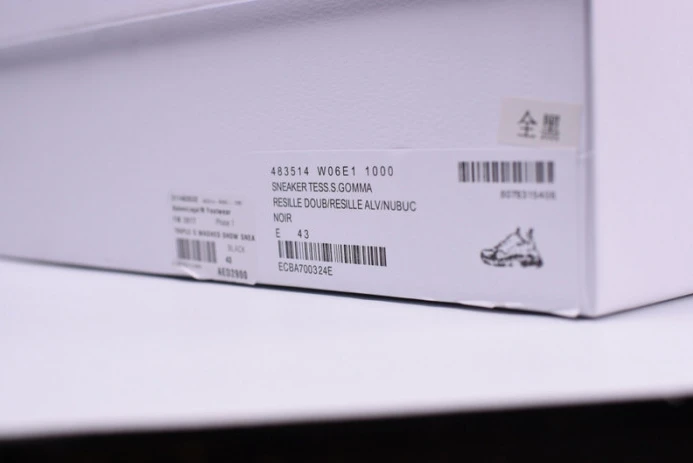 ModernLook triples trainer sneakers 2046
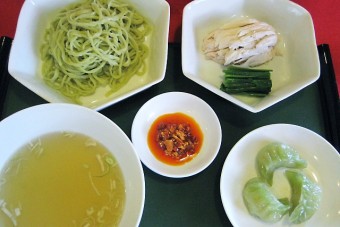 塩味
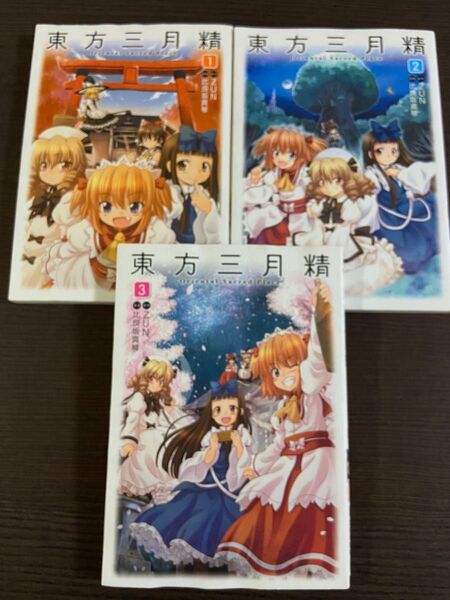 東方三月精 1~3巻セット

---

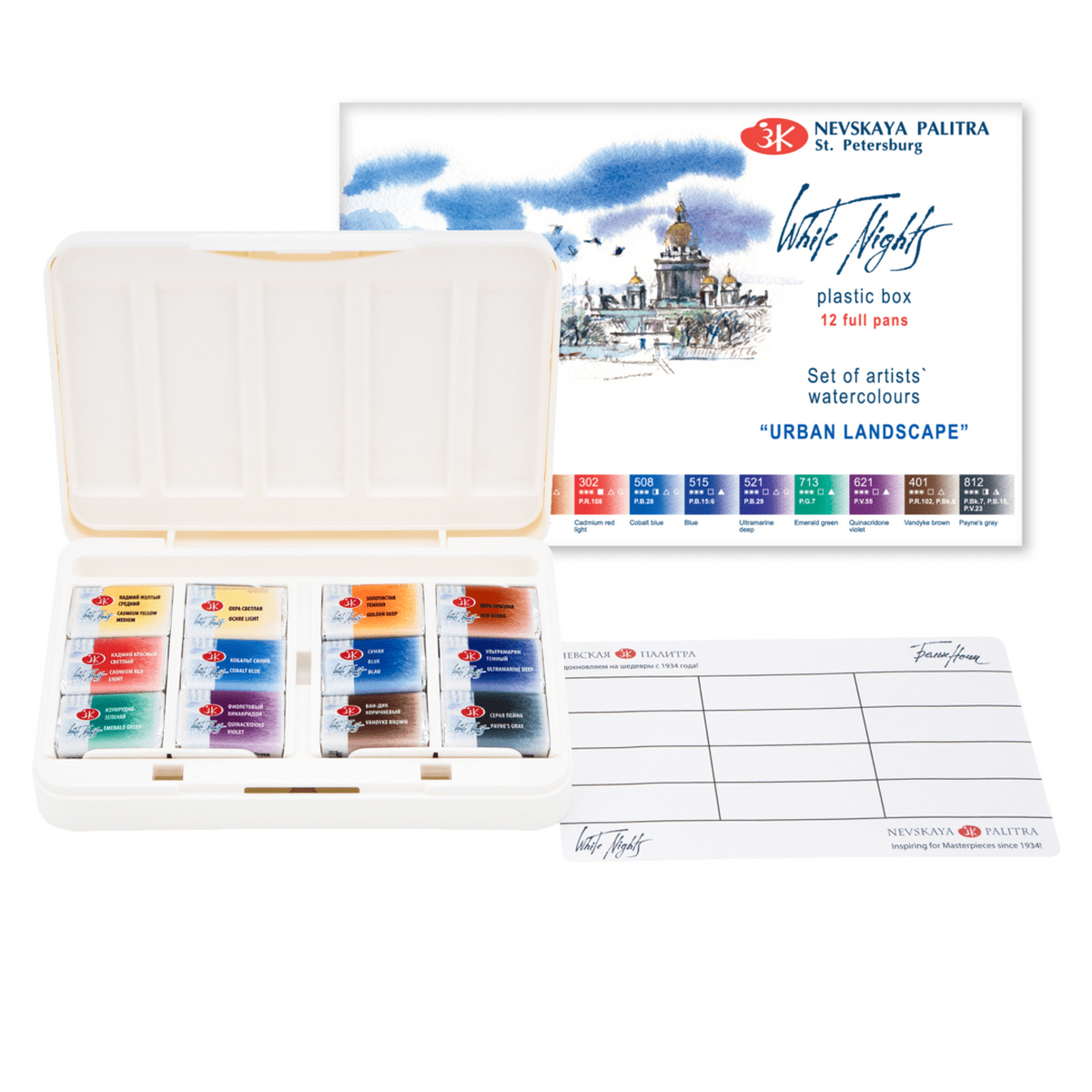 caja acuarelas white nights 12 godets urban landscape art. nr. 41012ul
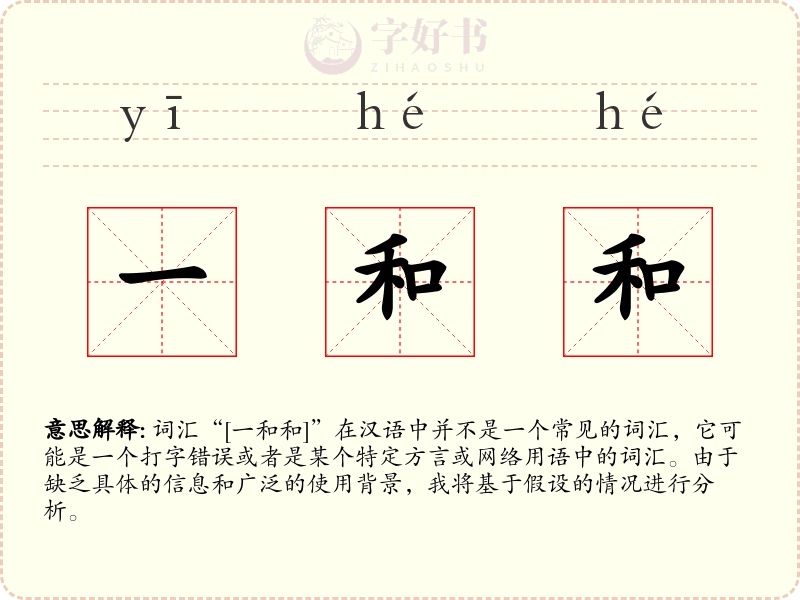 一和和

#### TASK OBJECTIVE
Would you copy out, exactly and with no pictures, only the lines above from the one that contains "ModernLook triples trainer sneakers 2046" through the one that contains "東方三月精 1~3巻セット"?

#### RESPONSE TO THE TASK
 ModernLook triples trainer sneakers 2046
 塩味
 東方三月精 1~3巻セット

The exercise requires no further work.